**How to complete this task**
The line containing "Panasonic Lumix G Vario 14-45" and every line after it, through the end of the records below, are to be reproduced exactly, with the pictures left out.
======== Supplied information ========
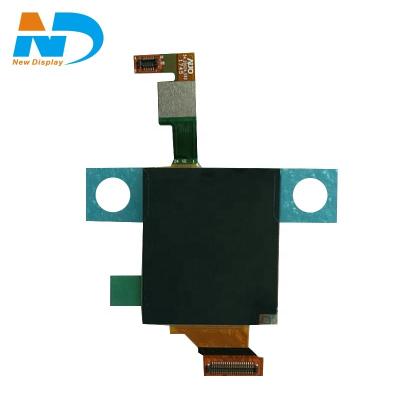 China OLED display 1.3 inch 240x240 dot spi display screen amoled with 1.3 on-cell touch module for sale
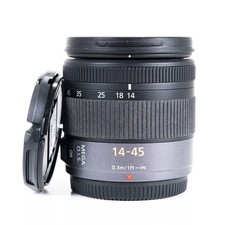Panasonic Lumix G Vario 14-45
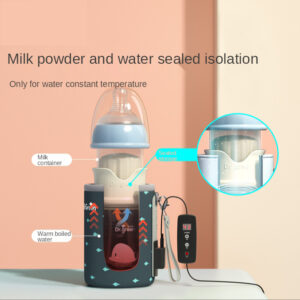 USB Insulation Baby Bottle Warmer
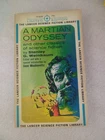 A Martian Odyssey by Stanley Weinbaum Lancer 1962 1st Printing Paperback Sci-Fi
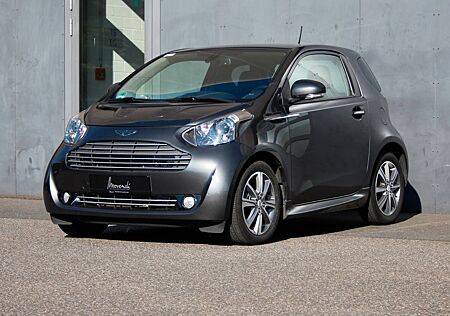 Aston Martin Cygnet 6- Gang Schaltgetriebe, Standheizung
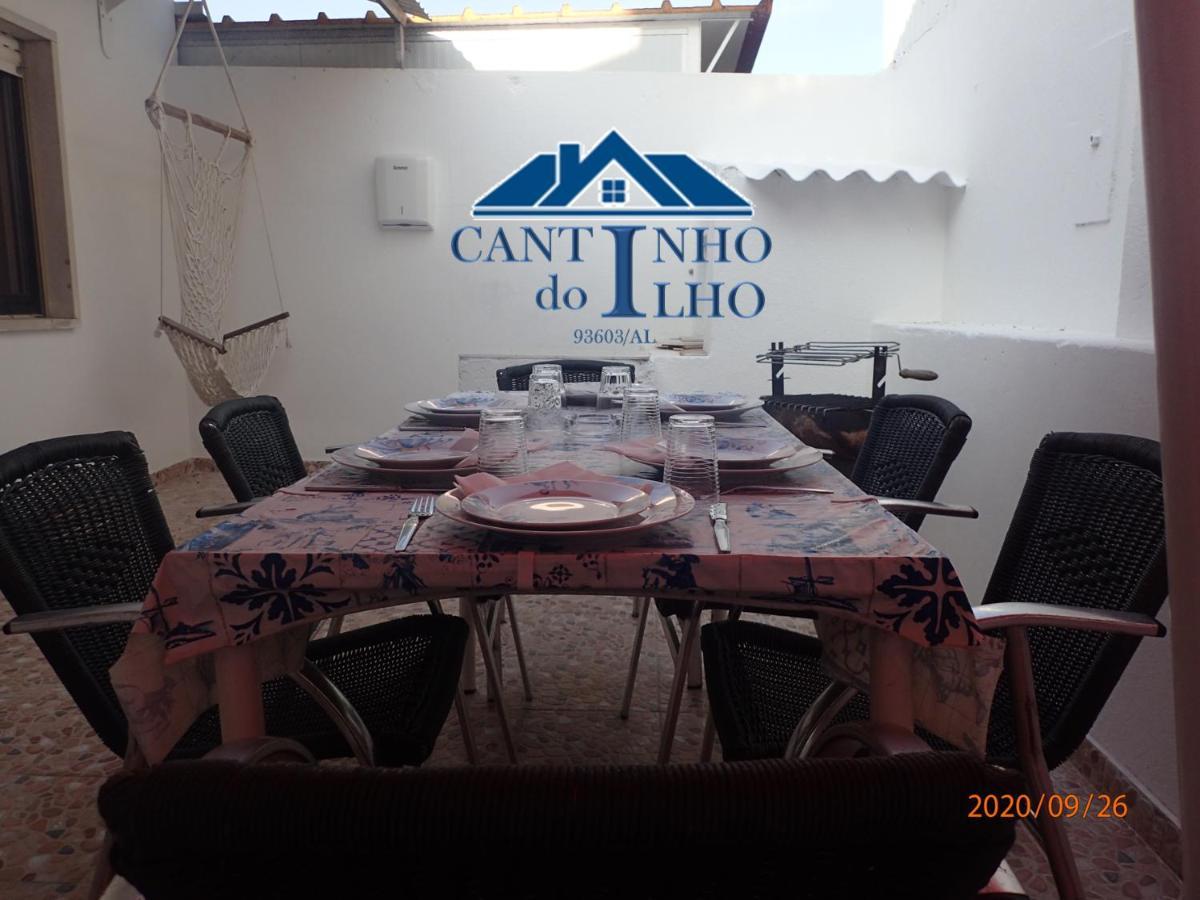 Cantinho Do Ilho Sesimbra Exterior foto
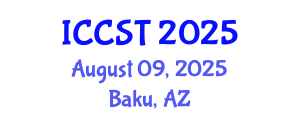International Conference on Cancer Science and Therapy (ICCST) August 09, 2025 - Baku, Azerbaijan
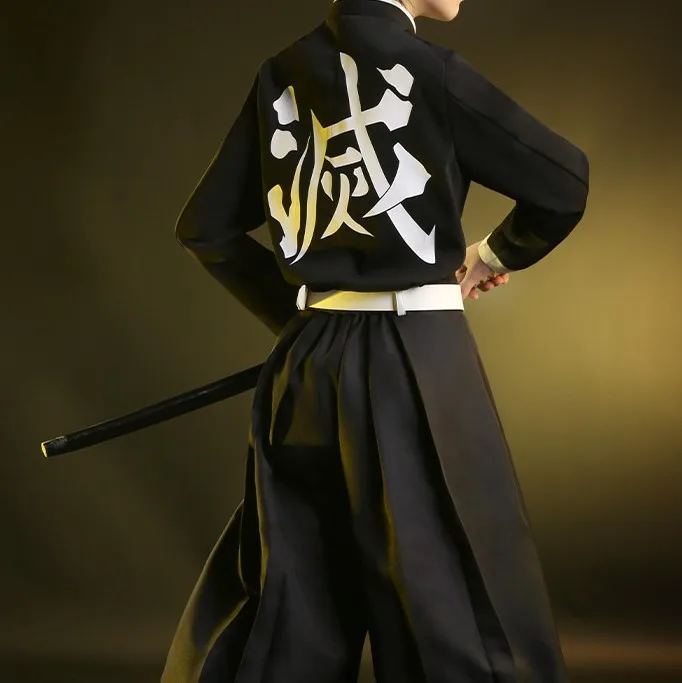 Disfraz de Anime Demon Slayer  - Anime Cosplay Shop reseña y precio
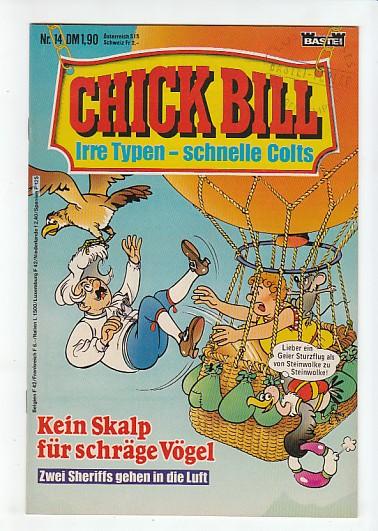 Chick Bill 14:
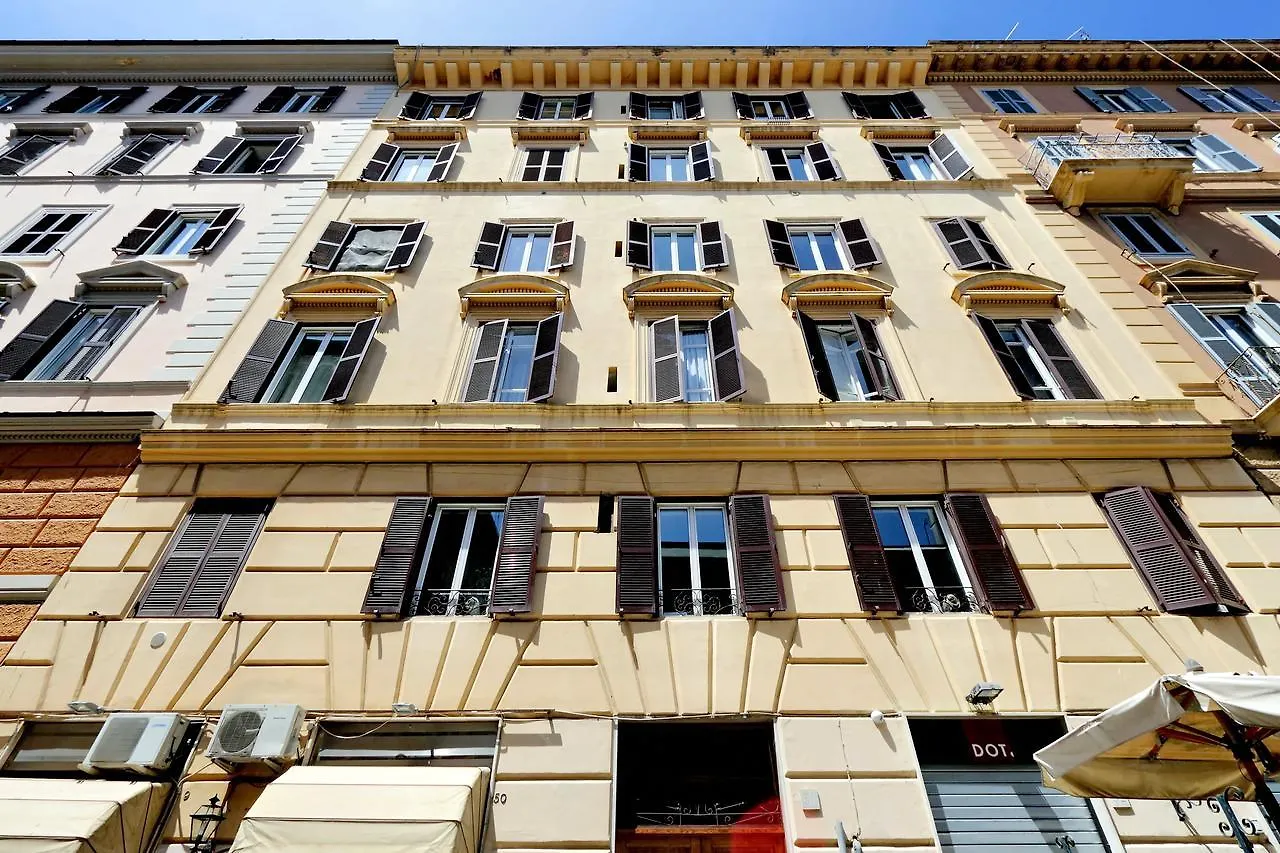 La Dimora Trastevere Rome 0*,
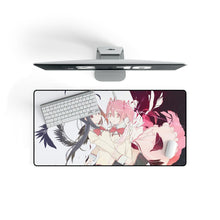 Load image into Gallery viewer, Puella Magi Madoka Magica Mouse Pad (Desk Mat)
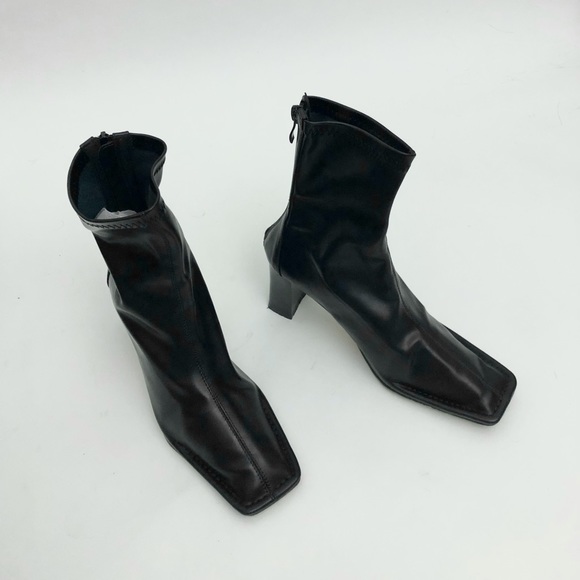 Acne Studios style booties (like new) - Picture 1 of 7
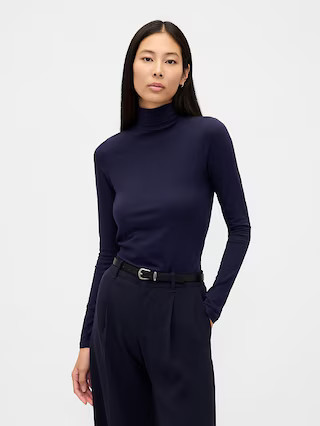 Featherweight Turtleneck | Gap (US)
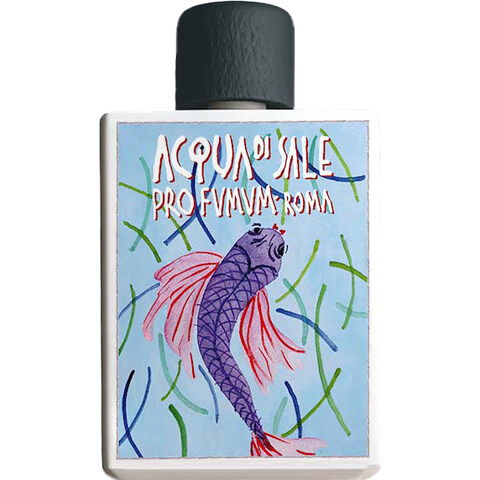 Acqua di Sale Acquerello Limited Edition 2021
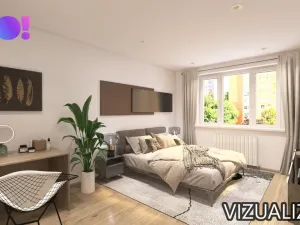 Prodej bytu 3+1, Prostějov, sídl. Svobody, 72 m2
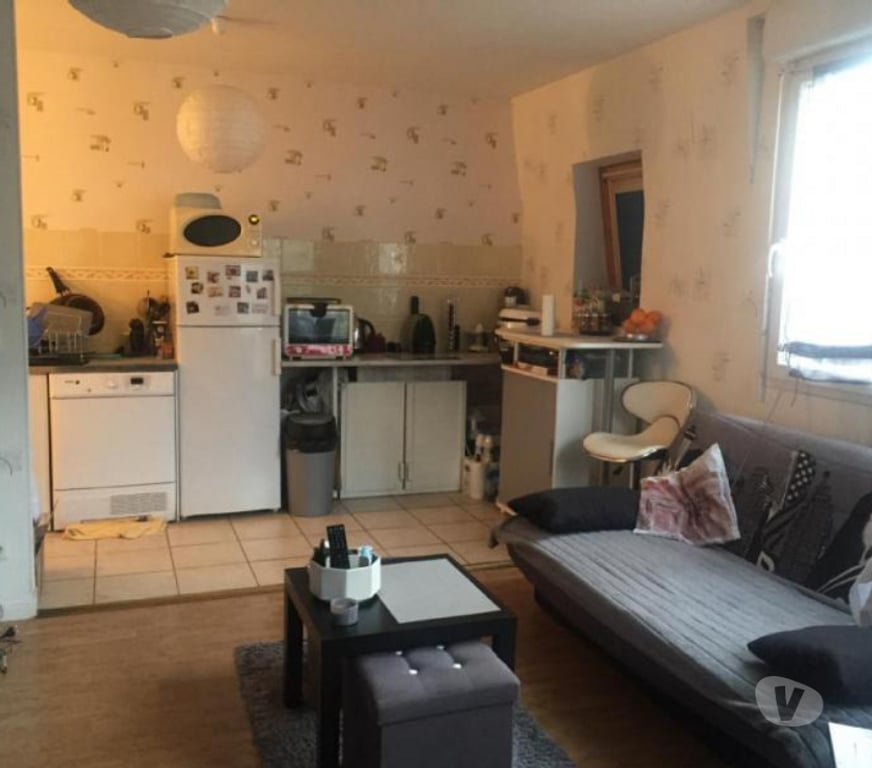 Location appartement Oise Chantilly - 60500 - Photos Vivastreet 2 pièces acces facile à Paris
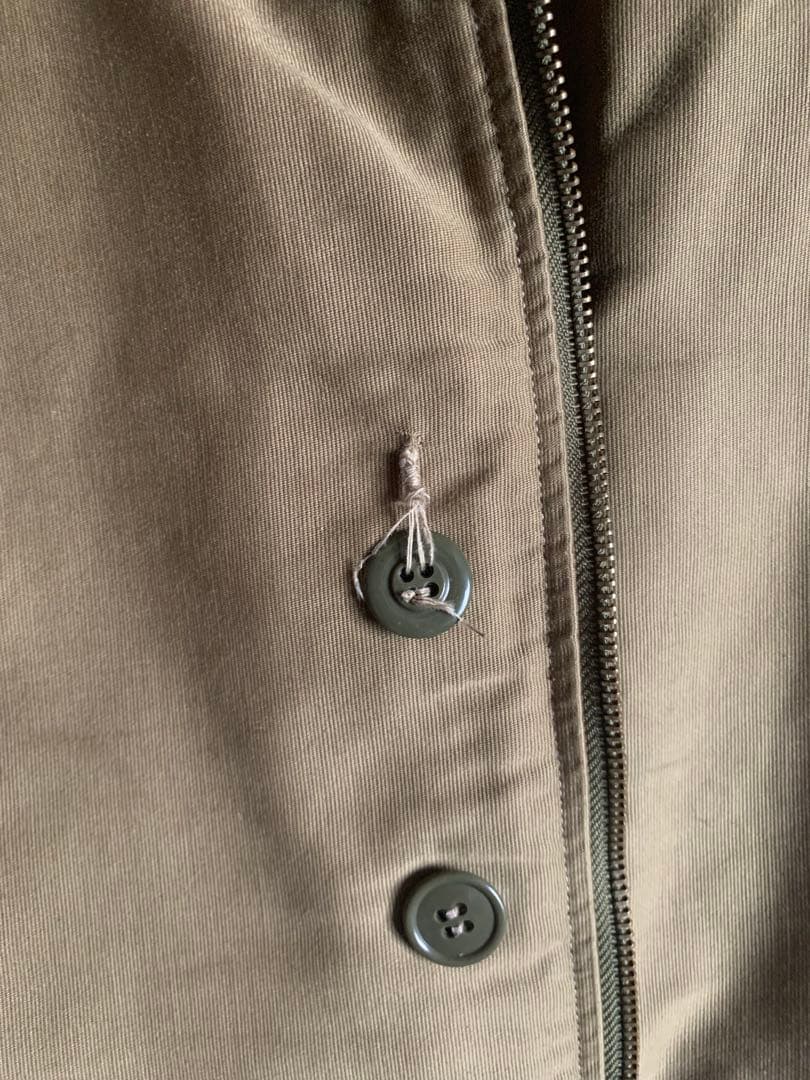 U.S.N. N-1デッキジャケット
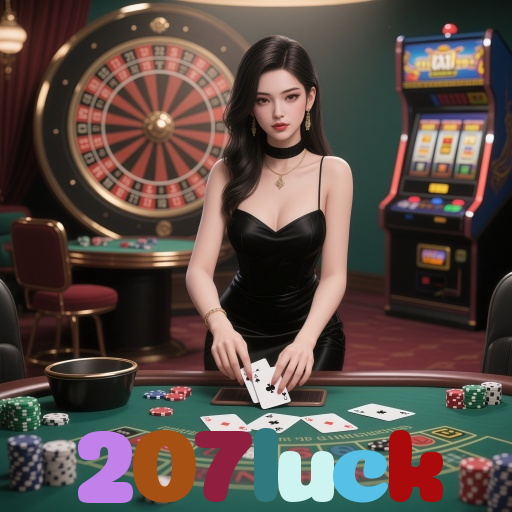 207luck - Baixe o app 207luck no Google Play e jogue ao vivo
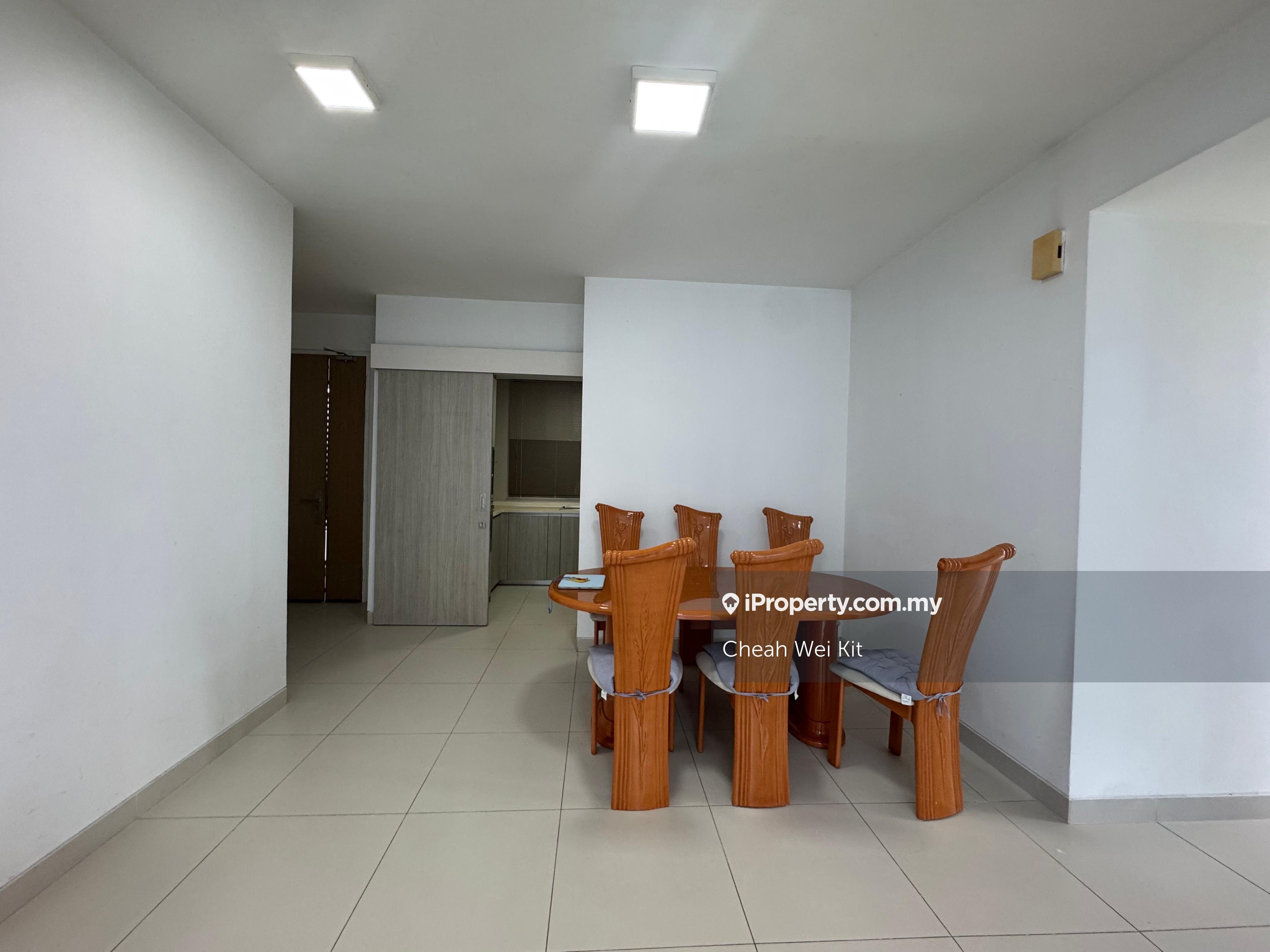 Aragreens Residences - 1,250 sqft - Partially Furnished - Below Market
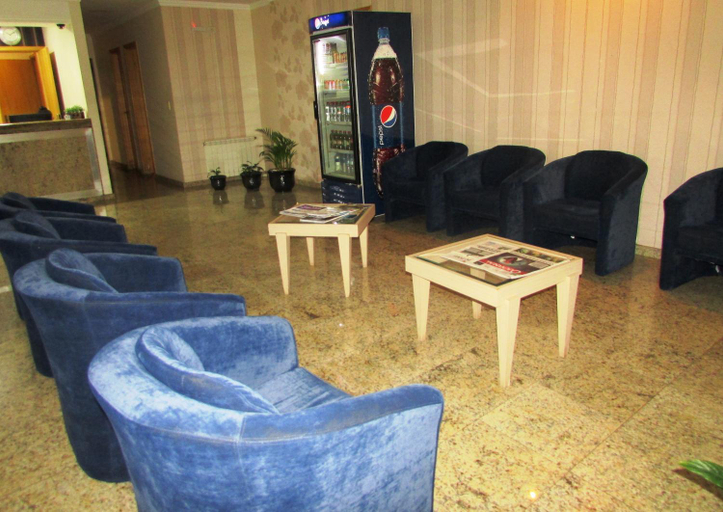 Public Area 2, Icarope Hotel, Concórdia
========
**Response**
Panasonic Lumix G Vario 14-45
 USB Insulation Baby Bottle Warmer
 A Martian Odyssey by Stanley Weinbaum Lancer 1962 1st Printing Paperback Sci-Fi
 Aston Martin Cygnet 6- Gang Schaltgetriebe, Standheizung
 Cantinho Do Ilho Sesimbra Exterior foto
International Conference on Cancer Science and Therapy (ICCST) August 09, 2025 - Baku, Azerbaijan
 Disfraz de Anime Demon Slayer  - Anime Cosplay Shop reseña y precio
 Chick Bill 14:
 La Dimora Trastevere Rome 0*,
 Load image into Gallery viewer, Puella Magi Madoka Magica Mouse Pad (Desk Mat)
 Acne Studios style booties (like new) - Picture 1 of 7
 Featherweight Turtleneck | Gap (US)
 Acqua di Sale Acquerello Limited Edition 2021
 Prodej bytu 3+1, Prostějov, sídl. Svobody, 72 m2
 Location appartement Oise Chantilly - 60500 - Photos Vivastreet 2 pièces acces facile à Paris
 U.S.N. N-1デッキジャケット
 207luck - Baixe o app 207luck no Google Play e jogue ao vivo
 Aragreens Residences - 1,250 sqft - Partially Furnished - Below Market
 Public Area 2, Icarope Hotel, Concórdia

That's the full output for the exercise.